I read your post with one eye covered so that’s OK

I am chuffed for you at having a great celebration in 2011. I managed to keep things together until just after my wifes big birthday bash in 2008. It is great to look back on the good stuff.

If I do start to feel sorry for myself or catch myself whinging or ranting I know for a fact that there are vast numbers of people who would gladly give their eye teeth to be in my position. (this does not stop me from indulging in the odd moan)

I am gradually learning how to “shift the goal posts” Stuff that would have made me say “that’s it I quit” 12 months ago is now incorporated into my regular day.

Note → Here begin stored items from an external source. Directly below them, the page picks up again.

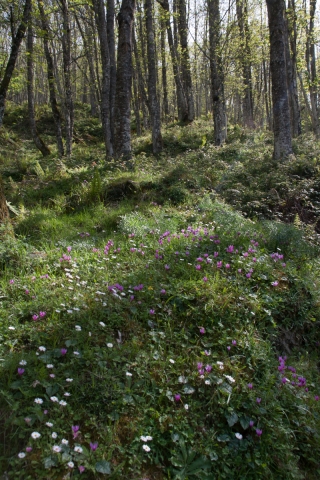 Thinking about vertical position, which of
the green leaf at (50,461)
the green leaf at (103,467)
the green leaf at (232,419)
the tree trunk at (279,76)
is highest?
the tree trunk at (279,76)

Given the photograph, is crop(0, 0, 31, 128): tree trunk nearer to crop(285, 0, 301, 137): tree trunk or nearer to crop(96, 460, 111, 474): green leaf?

I found that by having a mobility scooter I can on occasion get out of the house to feel a bit of independence.

Todays motto is “adapt and thrive” or failing that “adapt and survive”

All the best Mick

Good morning to all my new friends. Today will be a better day. No sadness, only determination and positive thinking. What’s that I hear, someone said aye that will be right.

Hi Margo and welcome.

You are not ranting. You’re doing what we all do from time to time. Feel free to rant on here. We have all been there.

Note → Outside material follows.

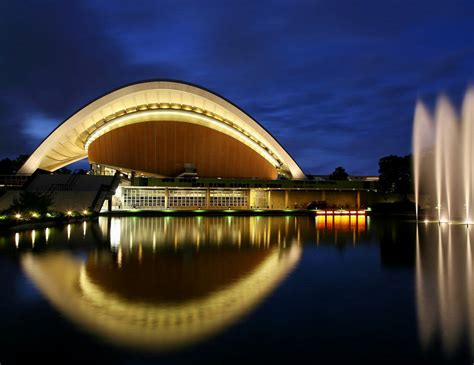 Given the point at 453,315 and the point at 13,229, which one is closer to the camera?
the point at 453,315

I get through by trying to keep a positive attitude and I try and have lots of humour in my life. This really helps me cope. You sound like you are very positive about things and like me you get out and about on your scooter. I’m looking forward to blinging mine up for Christmas.

I retired through ill health from the NHS in 2012 at the age of 53. I was devastated having to leave my job but wow it has helped so much being home. If you need any advice on this then PM me (send me a private message) and I will try and help.

Keep smiling.

Shazzie xx

How do you private message someone on this site. Is it just through send author a message?